ASSIGNMENT — Below are the records; give again exactly the line with "7919 Twin Hills", the line with "ขาย Apartment 4", and each line that lies between them, and nothing besides.

EXCERPTED DATA —
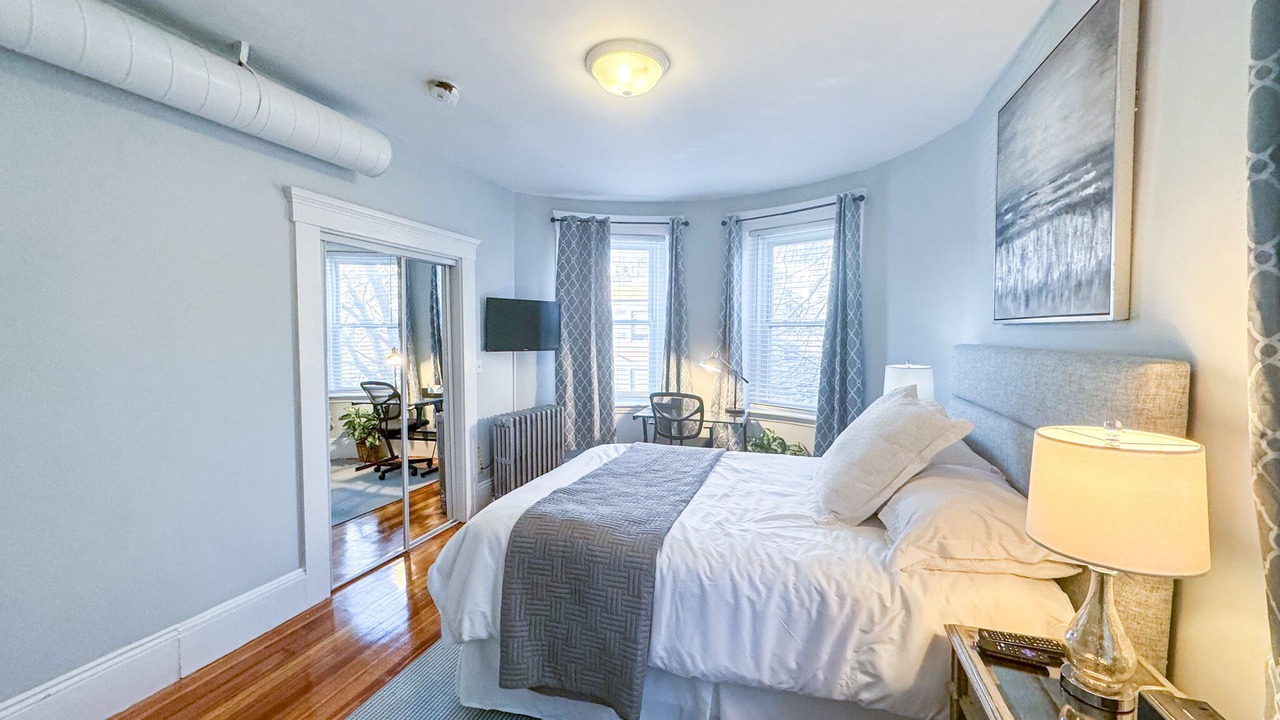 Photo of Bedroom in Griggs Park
==
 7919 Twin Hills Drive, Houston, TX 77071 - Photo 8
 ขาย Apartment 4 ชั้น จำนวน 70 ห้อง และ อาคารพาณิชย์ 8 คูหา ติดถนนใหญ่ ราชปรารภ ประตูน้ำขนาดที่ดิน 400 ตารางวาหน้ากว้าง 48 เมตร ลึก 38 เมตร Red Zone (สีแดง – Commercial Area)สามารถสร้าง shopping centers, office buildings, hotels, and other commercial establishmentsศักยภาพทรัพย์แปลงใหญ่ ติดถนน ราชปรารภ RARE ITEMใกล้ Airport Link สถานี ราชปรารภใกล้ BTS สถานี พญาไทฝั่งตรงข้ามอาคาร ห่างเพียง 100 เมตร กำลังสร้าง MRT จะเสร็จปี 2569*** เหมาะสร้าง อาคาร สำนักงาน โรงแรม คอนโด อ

PROBLEM SOLUTION —
 7919 Twin Hills Drive, Houston, TX 77071 - Photo 8
 ขาย Apartment 4 ชั้น จำนวน 70 ห้อง และ อาคารพาณิชย์ 8 คูหา ติดถนนใหญ่ ราชปรารภ ประตูน้ำขนาดที่ดิน 400 ตารางวาหน้ากว้าง 48 เมตร ลึก 38 เมตร Red Zone (สีแดง – Commercial Area)สามารถสร้าง shopping centers, office buildings, hotels, and other commercial establishmentsศักยภาพทรัพย์แปลงใหญ่ ติดถนน ราชปรารภ RARE ITEMใกล้ Airport Link สถานี ราชปรารภใกล้ BTS สถานี พญาไทฝั่งตรงข้ามอาคาร ห่างเพียง 100 เมตร กำลังสร้าง MRT จะเสร็จปี 2569*** เหมาะสร้าง อาคาร สำนักงาน โรงแรม คอนโด อ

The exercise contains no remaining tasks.